== Information shown ==
::::

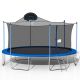 TIRAMISUBEST T-Adventurer 16 ft. Trampoline for Kids with Safety Enclosure Net, Basketball Hoop and Ladder, Easy Assembly
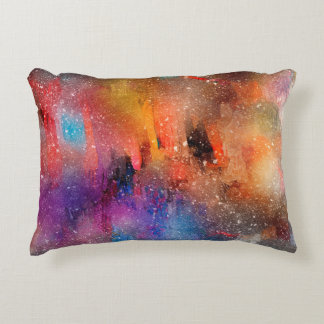Almofada Decorativa Coloração d'água abstrato de arte em segundo plano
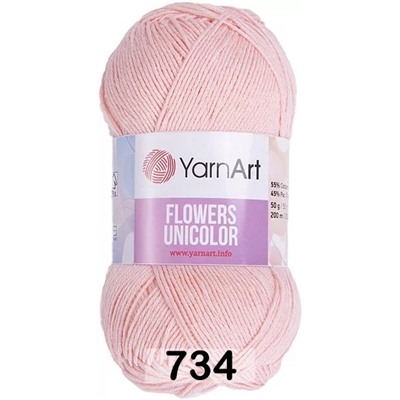 Пряжа Yarnart Flowers Unicolor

::::

== Work order ==
Leave out the images and write out the listing above exactly.

== Task answer ==
 TIRAMISUBEST T-Adventurer 16 ft. Trampoline for Kids with Safety Enclosure Net, Basketball Hoop and Ladder, Easy Assembly
Almofada Decorativa Coloração d'água abstrato de arte em segundo plano
 Пряжа Yarnart Flowers Unicolor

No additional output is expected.